**Information supplied:**
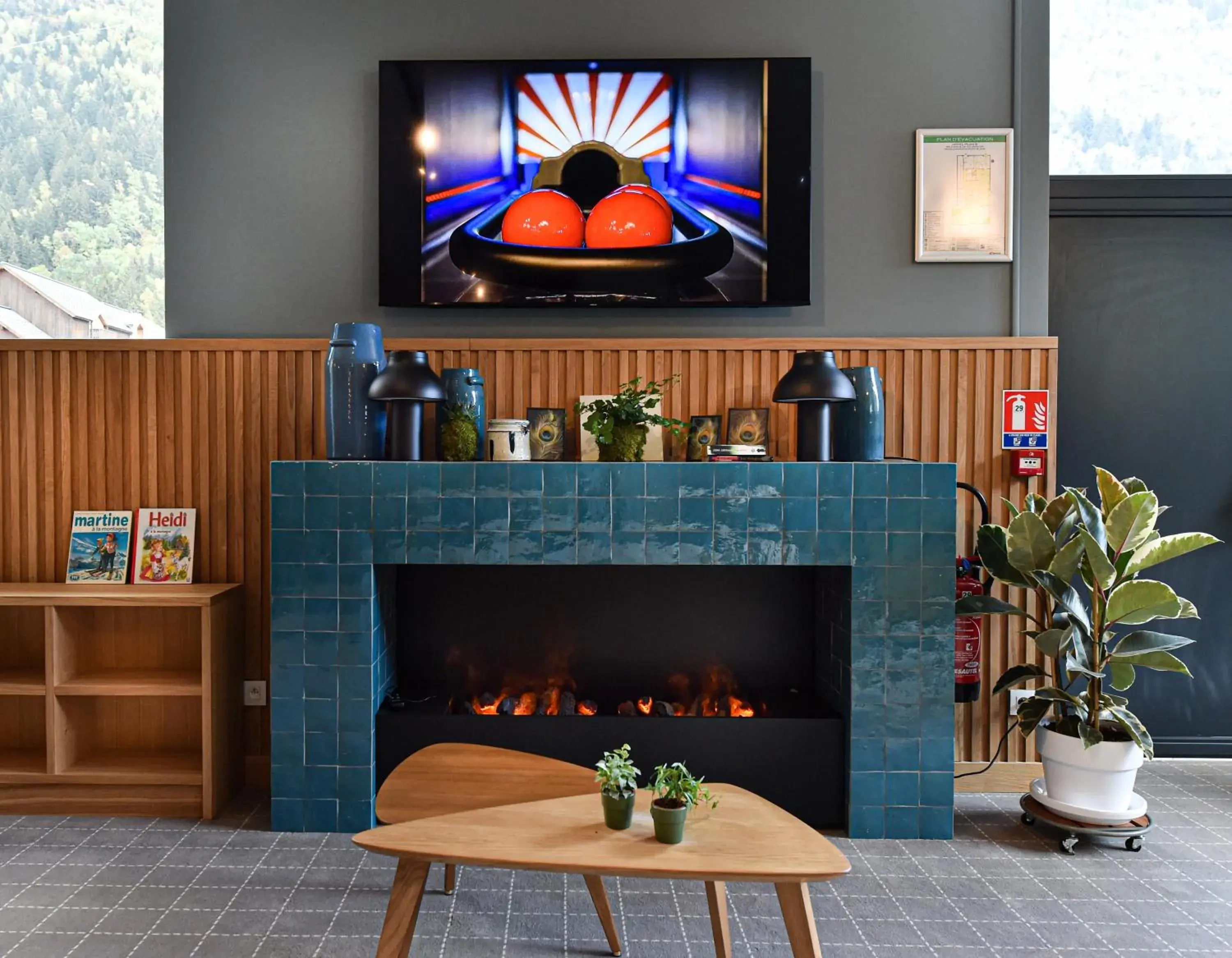 Communal lounge/ TV room in Plan B Hotel - Living Chamonix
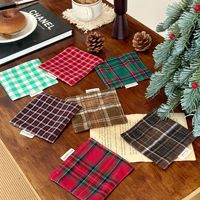 Nouveau Dessous de Plat Carré en Tissu Plaid Rouge et Vert pour l'Automne et l'Hiver, Style Coréen, Isolation Thermique, Idéal pour la Maison, la Cuisine et les Cafés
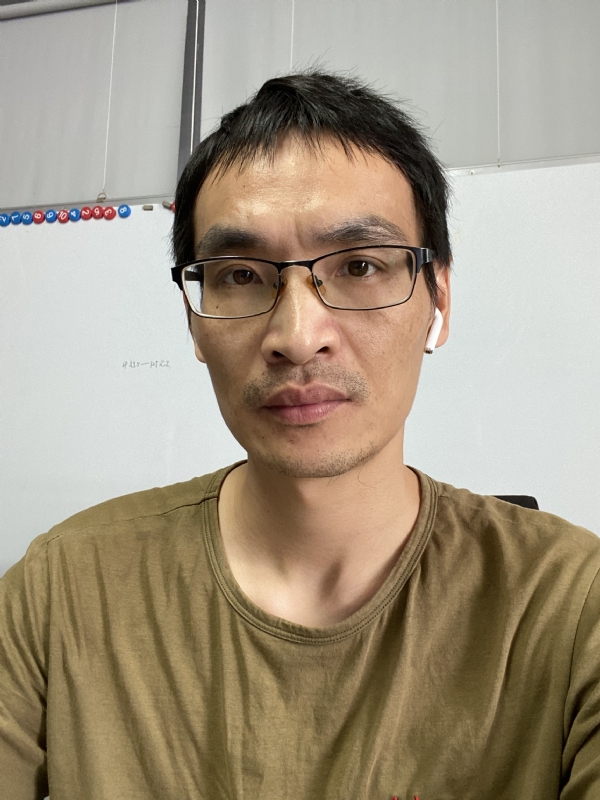 孤独的根号三的第一张照片--蓝颜知己交友网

**Task description:**
Keep the pictures out of your copy. Copy only the lines from the line that holds "Nouveau Dessous de" through the last line of the listing above, both included.

**Answer section:**
 Nouveau Dessous de Plat Carré en Tissu Plaid Rouge et Vert pour l'Automne et l'Hiver, Style Coréen, Isolation Thermique, Idéal pour la Maison, la Cuisine et les Cafés
 孤独的根号三的第一张照片--蓝颜知己交友网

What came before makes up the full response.